Abstract
The recent unconventional oil and gas development boom, better known as the “fracking” boom, is rapidly transforming communities from California to New York. Substantial scholarly attention has focused on state and federal fracking regulations, but little has focused on local regulations. Articles that have addressed local government regulation have generally considered only whether local governments can regulate fracking, and not how they should do so.
But while scholars continue to debate which level of government should regulate fracking, local governments nationwide have already begun enacting regulations. Accordingly, this Article explores how local governments may regulate fracking under state preemption law, using Colorado as a case study.

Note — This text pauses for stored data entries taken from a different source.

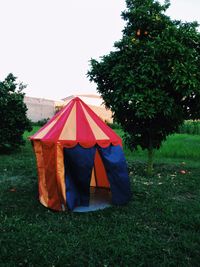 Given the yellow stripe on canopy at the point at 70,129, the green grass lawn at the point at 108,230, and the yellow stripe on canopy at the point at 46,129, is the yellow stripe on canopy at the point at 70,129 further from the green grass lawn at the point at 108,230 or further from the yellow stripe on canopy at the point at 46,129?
the green grass lawn at the point at 108,230

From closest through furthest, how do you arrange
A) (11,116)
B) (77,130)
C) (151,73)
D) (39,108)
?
(77,130) < (151,73) < (11,116) < (39,108)

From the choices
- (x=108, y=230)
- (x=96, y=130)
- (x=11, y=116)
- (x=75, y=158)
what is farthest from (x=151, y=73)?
(x=11, y=116)

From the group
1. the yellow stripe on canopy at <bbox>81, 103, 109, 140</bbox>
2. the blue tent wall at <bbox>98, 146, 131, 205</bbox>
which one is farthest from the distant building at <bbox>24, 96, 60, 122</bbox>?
the blue tent wall at <bbox>98, 146, 131, 205</bbox>

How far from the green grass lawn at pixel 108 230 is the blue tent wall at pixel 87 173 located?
369 millimetres

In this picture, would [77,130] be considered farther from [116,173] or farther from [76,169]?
[116,173]

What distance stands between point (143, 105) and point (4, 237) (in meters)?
5.07

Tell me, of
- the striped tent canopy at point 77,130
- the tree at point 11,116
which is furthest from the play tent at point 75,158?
the tree at point 11,116

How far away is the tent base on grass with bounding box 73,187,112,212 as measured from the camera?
7188 millimetres

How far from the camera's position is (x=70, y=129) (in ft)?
24.2

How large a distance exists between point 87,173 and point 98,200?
3.75 feet

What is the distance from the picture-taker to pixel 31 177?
411 inches

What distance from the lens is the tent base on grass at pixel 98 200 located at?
7.19 metres

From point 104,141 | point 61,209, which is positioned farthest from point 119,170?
point 61,209

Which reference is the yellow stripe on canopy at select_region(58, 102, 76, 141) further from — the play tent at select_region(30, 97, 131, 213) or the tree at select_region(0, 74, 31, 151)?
A: the tree at select_region(0, 74, 31, 151) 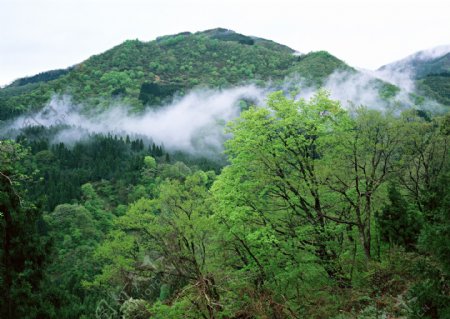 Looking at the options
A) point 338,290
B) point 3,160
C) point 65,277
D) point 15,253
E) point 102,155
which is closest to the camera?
point 3,160

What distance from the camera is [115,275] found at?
97.5 ft

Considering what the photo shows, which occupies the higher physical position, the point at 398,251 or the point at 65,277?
the point at 398,251

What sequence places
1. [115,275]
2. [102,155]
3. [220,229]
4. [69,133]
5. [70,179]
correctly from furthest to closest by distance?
[69,133] < [102,155] < [70,179] < [115,275] < [220,229]

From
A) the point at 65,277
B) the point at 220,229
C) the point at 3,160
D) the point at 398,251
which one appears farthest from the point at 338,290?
the point at 65,277

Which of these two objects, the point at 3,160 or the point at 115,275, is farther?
the point at 115,275

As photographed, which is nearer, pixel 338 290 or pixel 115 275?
pixel 338 290

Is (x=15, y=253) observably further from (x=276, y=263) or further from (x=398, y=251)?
(x=398, y=251)

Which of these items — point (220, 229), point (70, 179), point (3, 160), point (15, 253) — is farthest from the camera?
point (70, 179)

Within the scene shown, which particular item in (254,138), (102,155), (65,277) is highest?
(254,138)

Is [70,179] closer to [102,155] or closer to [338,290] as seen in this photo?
[102,155]

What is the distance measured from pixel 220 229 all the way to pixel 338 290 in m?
7.18

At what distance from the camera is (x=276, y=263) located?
1769 centimetres

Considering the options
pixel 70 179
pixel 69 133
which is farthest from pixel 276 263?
pixel 69 133

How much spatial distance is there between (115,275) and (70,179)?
97037mm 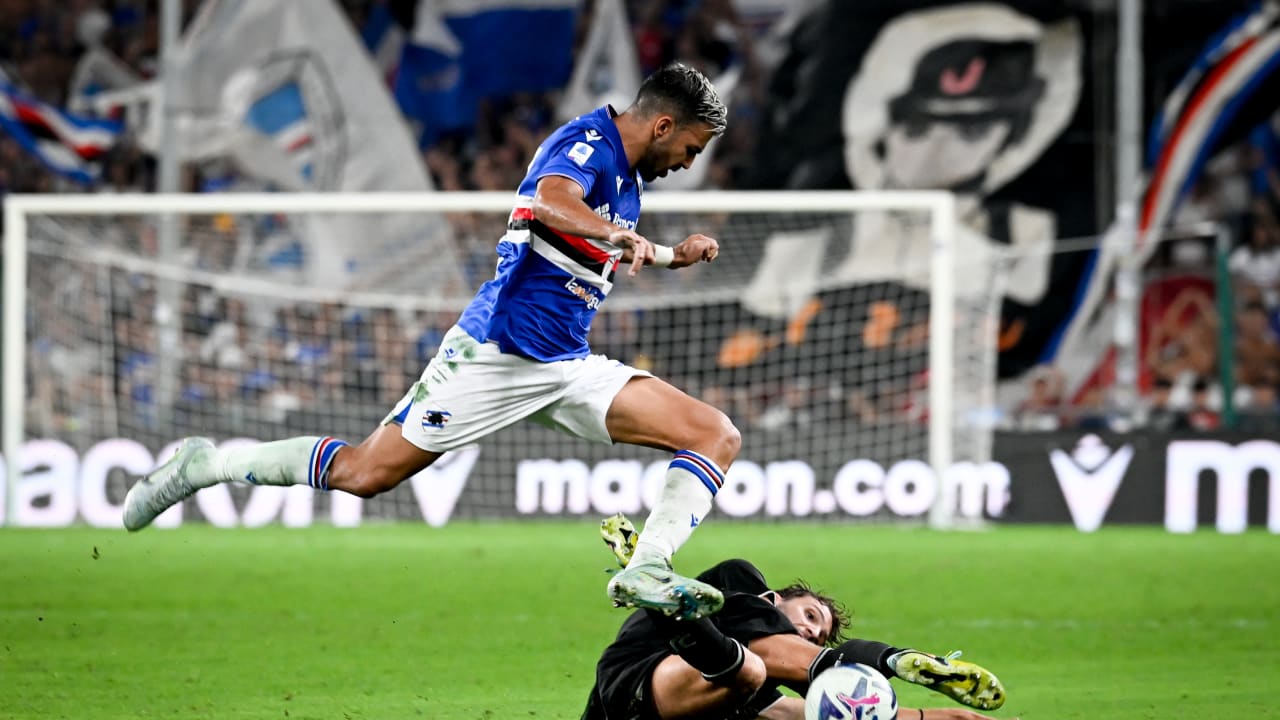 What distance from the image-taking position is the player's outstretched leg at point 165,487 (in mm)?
7188

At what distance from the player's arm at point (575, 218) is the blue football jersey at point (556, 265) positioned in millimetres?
145

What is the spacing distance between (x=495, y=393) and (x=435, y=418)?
0.25 meters

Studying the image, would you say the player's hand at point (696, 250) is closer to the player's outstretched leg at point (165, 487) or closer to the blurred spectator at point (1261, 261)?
the player's outstretched leg at point (165, 487)

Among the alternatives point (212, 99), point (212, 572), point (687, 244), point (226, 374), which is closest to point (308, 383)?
point (226, 374)

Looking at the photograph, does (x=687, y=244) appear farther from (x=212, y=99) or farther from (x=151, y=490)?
(x=212, y=99)

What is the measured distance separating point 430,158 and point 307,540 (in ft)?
25.9

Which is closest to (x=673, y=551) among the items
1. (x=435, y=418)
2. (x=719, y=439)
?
(x=719, y=439)

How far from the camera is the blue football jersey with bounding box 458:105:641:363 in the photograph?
618cm

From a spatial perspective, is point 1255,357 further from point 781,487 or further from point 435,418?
point 435,418

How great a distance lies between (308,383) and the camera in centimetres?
1722

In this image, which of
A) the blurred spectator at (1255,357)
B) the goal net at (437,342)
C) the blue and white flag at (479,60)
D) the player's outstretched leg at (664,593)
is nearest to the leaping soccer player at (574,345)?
the player's outstretched leg at (664,593)

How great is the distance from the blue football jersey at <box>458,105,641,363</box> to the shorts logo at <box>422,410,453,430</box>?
32 centimetres

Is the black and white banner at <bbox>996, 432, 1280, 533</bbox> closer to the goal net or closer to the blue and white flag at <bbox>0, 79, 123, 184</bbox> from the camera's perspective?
the goal net

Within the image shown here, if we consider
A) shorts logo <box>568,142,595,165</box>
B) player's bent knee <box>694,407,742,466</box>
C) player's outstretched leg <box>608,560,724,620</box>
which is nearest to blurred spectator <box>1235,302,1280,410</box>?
player's bent knee <box>694,407,742,466</box> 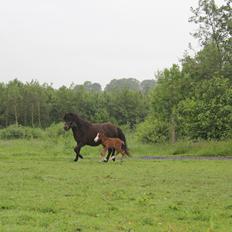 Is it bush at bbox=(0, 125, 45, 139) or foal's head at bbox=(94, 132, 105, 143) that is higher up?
bush at bbox=(0, 125, 45, 139)

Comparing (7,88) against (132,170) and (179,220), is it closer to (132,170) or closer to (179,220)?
(132,170)

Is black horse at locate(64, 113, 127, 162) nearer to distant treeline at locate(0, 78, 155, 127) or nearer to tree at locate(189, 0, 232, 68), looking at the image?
tree at locate(189, 0, 232, 68)

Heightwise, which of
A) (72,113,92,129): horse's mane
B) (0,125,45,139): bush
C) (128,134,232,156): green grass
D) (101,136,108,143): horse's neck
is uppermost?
(72,113,92,129): horse's mane

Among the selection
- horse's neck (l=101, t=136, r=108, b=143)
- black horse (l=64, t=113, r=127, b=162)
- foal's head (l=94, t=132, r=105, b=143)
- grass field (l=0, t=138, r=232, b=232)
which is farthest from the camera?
black horse (l=64, t=113, r=127, b=162)

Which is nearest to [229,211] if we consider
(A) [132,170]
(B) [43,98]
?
(A) [132,170]

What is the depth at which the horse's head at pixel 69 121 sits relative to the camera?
20.4 m

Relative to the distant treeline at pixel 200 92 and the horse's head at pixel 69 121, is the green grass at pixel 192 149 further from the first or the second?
the horse's head at pixel 69 121

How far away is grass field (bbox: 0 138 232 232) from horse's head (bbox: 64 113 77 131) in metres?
3.89

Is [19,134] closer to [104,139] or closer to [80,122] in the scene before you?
[80,122]

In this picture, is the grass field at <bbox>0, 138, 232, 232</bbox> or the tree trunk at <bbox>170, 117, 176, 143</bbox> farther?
the tree trunk at <bbox>170, 117, 176, 143</bbox>

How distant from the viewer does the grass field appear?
748 centimetres

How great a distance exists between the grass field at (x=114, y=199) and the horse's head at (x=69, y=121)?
389 centimetres

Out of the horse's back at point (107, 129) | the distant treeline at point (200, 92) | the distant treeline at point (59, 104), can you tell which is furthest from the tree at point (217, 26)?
the distant treeline at point (59, 104)

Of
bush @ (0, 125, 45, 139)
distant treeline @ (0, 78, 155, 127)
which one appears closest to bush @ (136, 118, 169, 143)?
bush @ (0, 125, 45, 139) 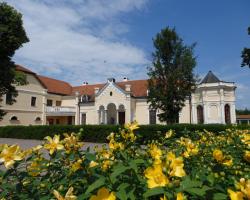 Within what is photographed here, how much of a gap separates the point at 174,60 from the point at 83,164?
22.9 metres

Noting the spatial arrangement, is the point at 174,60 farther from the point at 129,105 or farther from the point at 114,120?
the point at 114,120

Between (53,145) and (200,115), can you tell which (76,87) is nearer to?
(200,115)

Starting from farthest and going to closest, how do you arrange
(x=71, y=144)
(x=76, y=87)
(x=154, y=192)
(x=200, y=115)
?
(x=76, y=87)
(x=200, y=115)
(x=71, y=144)
(x=154, y=192)

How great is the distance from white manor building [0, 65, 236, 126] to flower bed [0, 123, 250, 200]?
95.7 ft

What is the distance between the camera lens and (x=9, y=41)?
19875 millimetres

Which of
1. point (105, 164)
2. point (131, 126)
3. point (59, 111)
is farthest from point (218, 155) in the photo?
point (59, 111)

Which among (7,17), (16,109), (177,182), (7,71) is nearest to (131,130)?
(177,182)

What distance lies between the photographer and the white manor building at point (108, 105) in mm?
34844

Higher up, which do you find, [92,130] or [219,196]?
[219,196]

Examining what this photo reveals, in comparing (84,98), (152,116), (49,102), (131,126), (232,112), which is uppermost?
(84,98)

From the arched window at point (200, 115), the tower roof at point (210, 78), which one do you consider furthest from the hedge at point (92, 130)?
the tower roof at point (210, 78)

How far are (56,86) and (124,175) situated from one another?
161 feet

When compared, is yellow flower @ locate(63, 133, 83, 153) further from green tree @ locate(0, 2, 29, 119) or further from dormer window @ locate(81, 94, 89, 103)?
dormer window @ locate(81, 94, 89, 103)

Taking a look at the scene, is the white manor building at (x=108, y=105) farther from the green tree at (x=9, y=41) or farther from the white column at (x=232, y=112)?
the green tree at (x=9, y=41) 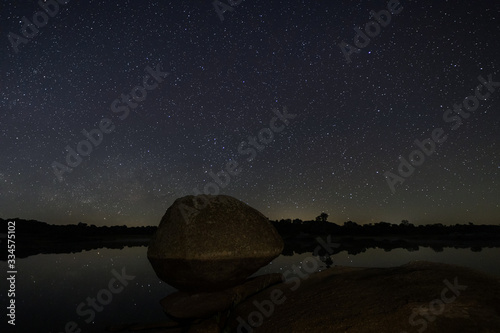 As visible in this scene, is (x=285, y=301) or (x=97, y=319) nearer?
(x=285, y=301)

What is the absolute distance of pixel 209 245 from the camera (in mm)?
9352

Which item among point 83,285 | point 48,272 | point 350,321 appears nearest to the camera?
point 350,321

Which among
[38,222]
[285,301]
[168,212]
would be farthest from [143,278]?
[38,222]

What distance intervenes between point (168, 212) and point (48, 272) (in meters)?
14.6

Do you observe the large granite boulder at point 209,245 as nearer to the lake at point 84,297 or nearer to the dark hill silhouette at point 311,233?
the lake at point 84,297

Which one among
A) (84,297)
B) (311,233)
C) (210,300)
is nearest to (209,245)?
(210,300)

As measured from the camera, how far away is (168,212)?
418 inches

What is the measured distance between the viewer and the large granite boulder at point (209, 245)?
9.34 meters

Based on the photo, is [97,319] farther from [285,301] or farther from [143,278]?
[143,278]

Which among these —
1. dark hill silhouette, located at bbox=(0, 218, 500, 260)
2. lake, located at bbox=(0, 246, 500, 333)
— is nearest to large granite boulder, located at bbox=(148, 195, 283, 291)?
lake, located at bbox=(0, 246, 500, 333)

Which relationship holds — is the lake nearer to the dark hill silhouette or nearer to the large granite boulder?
the large granite boulder

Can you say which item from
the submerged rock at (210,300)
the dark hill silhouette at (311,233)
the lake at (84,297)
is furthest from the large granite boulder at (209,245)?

Colorado has a longstanding legal framework for local government oil and gas regulation due to the industry’s continuous presence in the state prior to the recent fracking boom. Some eastern states have recently adopted Colorado’s approach. But lingering questions remain about the details of local authority, and conflict is brewing as many local governments begin to regulate fracking in their communities.
This Article addresses how the fracking boom uniquely challenges local governments, local governments’ regulatory authority under Colorado law, and how they can approach regulation in a manner most likely to survive judicial review. It begins by explaining fracking’s socioeconomic and environmental impacts, focusing on impacts in rural Western communities. It emphasizes fracking’s socioeconomic impacts, which have been largely overlooked by other legal scholarship, yet constitute the strongest ground for local government regulation. The Article then addresses the legal basis for local government fracking regulation under Colorado law. It highlights that Colorado local governments, especially home rule municipalities, enjoy broad authority over land use matters. Next, the Article critically examines four frameworks for local government regulation — guides published by two organizations, and ordinances already enacted in several Colorado cities. It concludes by advocating that Colorado local governments regulate the fracking boom through land use ordinances targeting the boom’s socioeconomic impacts, rather than ordinances that directly regulate fracking or target the fracking boom’s environmental impacts.